Resumen: El valor de un autógrafo: Un lector reflexiona sobre la importancia de las firmas de los autores y su conexión con los libros
Desde hace varios meses, en la tercera planta de la icónica librería Strand en Nueva York, se encuentra expuesto un antiguo ejemplar de “Escapada”, autografiado por la actualmente cuestionada Alice Munro (Nobel 2013). Está allí, en aquella prestigiosa sección de libros raros sobre plena calle Broadway, para que cualquiera que tenga 75 dólares más impuestos (aprox. $350.000) se lo pueda llevar y agregarlo a su colección. Estuve tentado a comprarlo, no se lo niego, más aún teniendo en cuenta el reciente fallecimiento de Munro, lo que complica grandemente la manufactura de más ejemplares firmados, pero conseguí detenerme a tiempo no sólo porque sigo debatiendo conmigo mismo mi posición frente a su polémica, sino principalmente por un aspecto mucho más mundano: no me lo firmó a mí.
La mecánica de la firma de libros por parte de su propio autor es (sin pruebas, pero también sin dudas) tan antigua como los libros mismos lo son. Y es que con las facilidades que dan las ferias del libro para departir en algún evento con nuestras plumas favoritas y hasta las iniciativas de varias librerías para vender de antemano libros autografiados cuando un reputado escritor visita sus instalaciones, hoy es más fácil que nunca presumir en las estanterías de nuestras salas de algún ejemplar garabateado en las primeras páginas por el creador de turno de éste. Esta democratización del acceso a la mente tras el relato no sólo es una victoria de la ilustración en general, sino el auténtico motor que silenciosamente mueve los vetustos engranajes de la industria editorial.
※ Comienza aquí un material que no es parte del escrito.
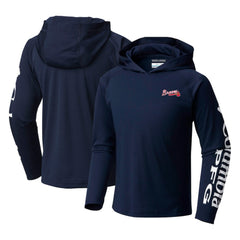 Atlanta Braves Columbia Youth Terminal Tackle Long Sleeve Hoodie T-Shirt - Navy - Columbia Discount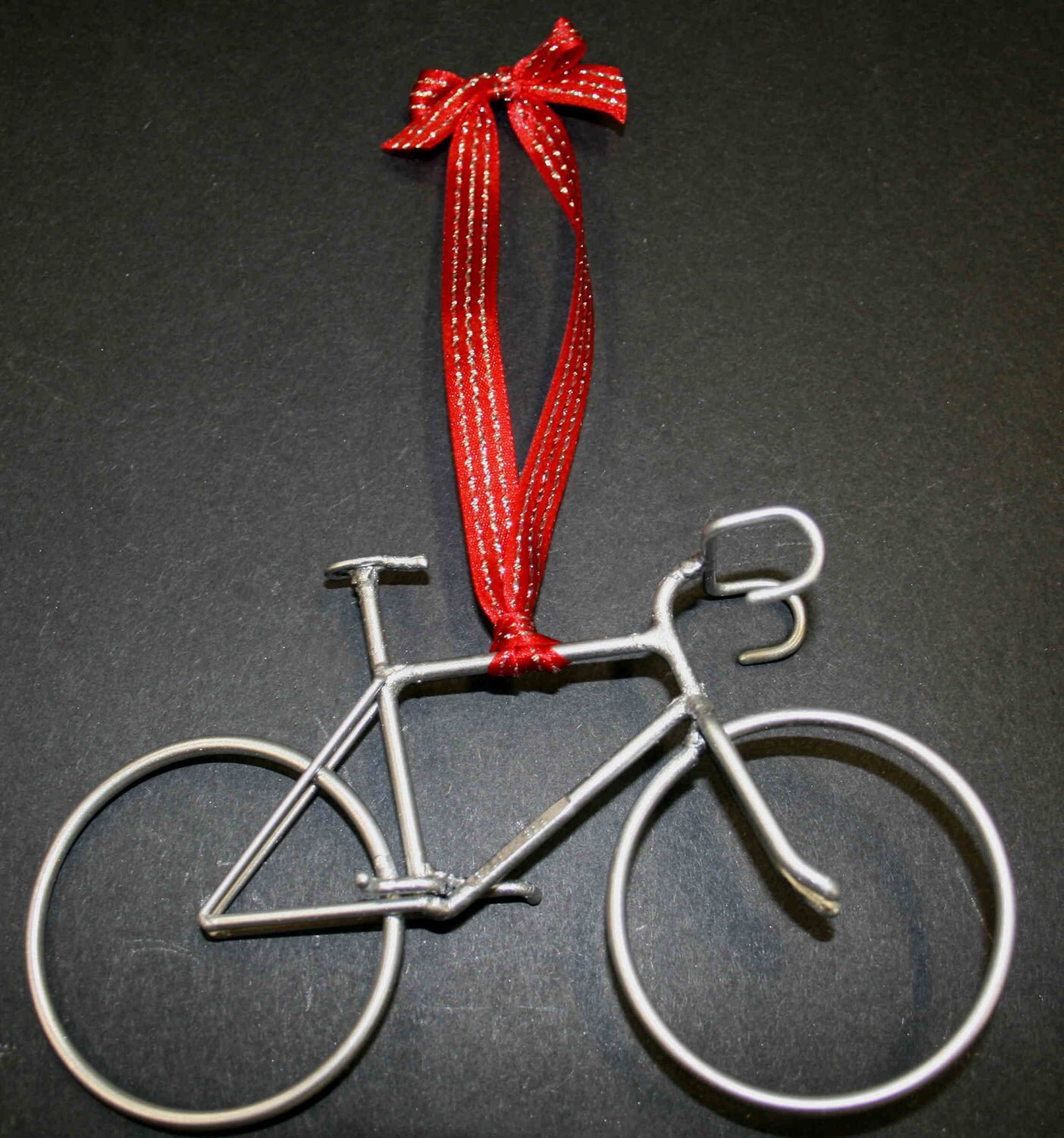 Large Road Bike Ornament Silver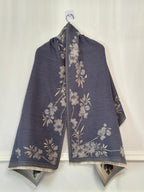 Blue Beige Double Face Shawl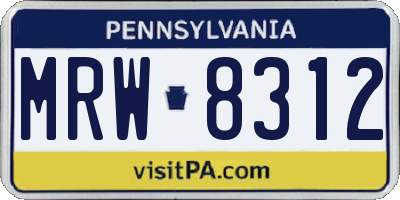 PA license plate MRW8312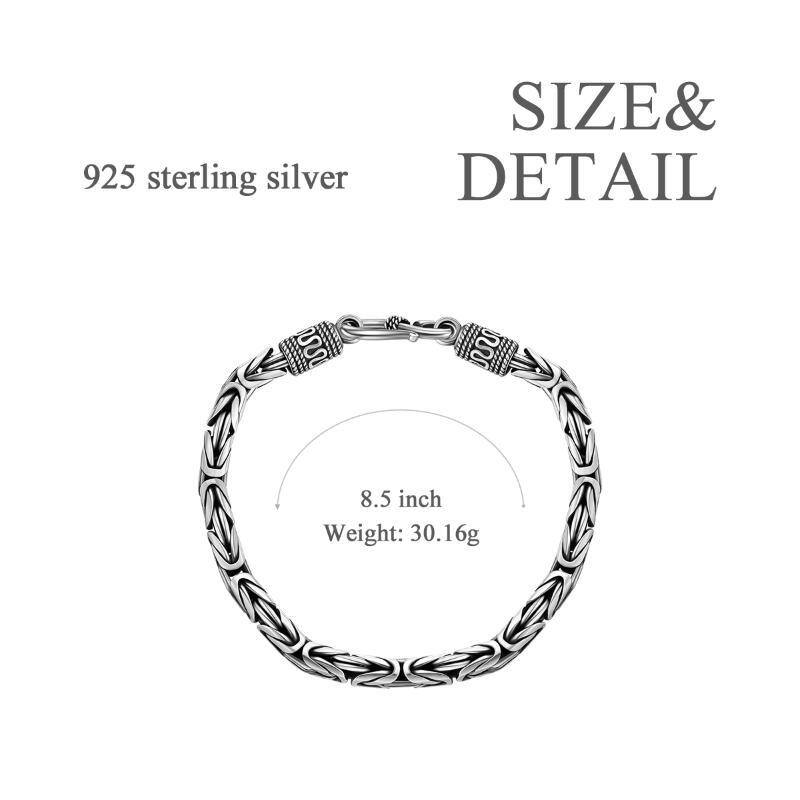 Bracelet en chaîne en argent sterling pour hommes -6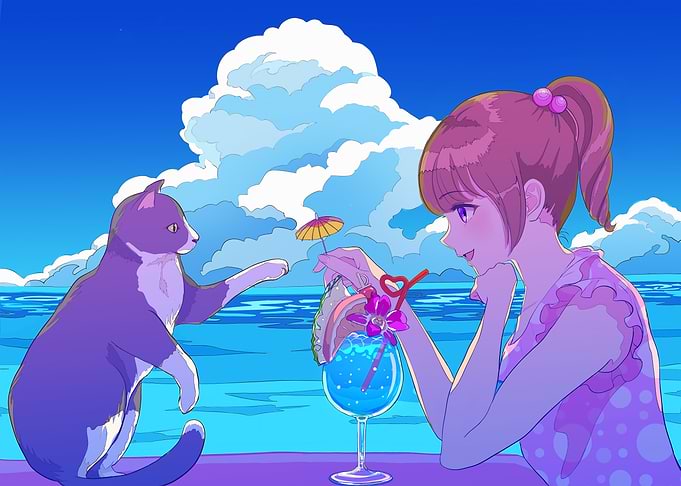 Anime Girl with Cat and Cocktail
Mi problema particular con el autógrafo en aquel ejemplar de “Escapada”, fuera de la sospecha indeleble de colombiano desconfiado sobre que se tratase de una falsificación al no tener mis ojos absoluta certeza de que efectivamente la canadiense posó su puño sobre esas páginas, es que para mí las firmas en los libros, y más aún cuando éstas se acompañan de una dedicatoria que incluya mi nombre, por corta y falta de inspiración que esta suela ser, son una suerte de viso notarial que certifica el encuentro entre el escritor y su lector. Una especie de ribete en dos dimensiones que sella para siempre el libro en cuestión y le hace trascender de su naturaleza fungible como objeto de masas hacia la categoría de reliquia, al igual que una foto o una carta. Un artefacto eterno que da fe para la posteridad del cruce fortuito de dos vidas en un instante único en el tiempo.
Aunque el mercado de segunda mano de libros autografiados es bastante prolífico, y se les puede ver venir a sus promotores en las firmas organizadas cuando hacen la fila con 3 y 4 ejemplares diferentes del autor invitado (no son aficionados hardcore, no se dejen engañar), no hay mejor ejercicio que, durante cualquier tarde de limpieza de biblioteca, abrir un ejemplar firmado, liberar las fuerzas de la nostalgia y viajar al pasado hasta el momento exacto en que se inmortalizaron aquellos trazos. Esa es una sensación simplemente irremplazable que aquella oferta de Strand nunca me podrá proporcionar.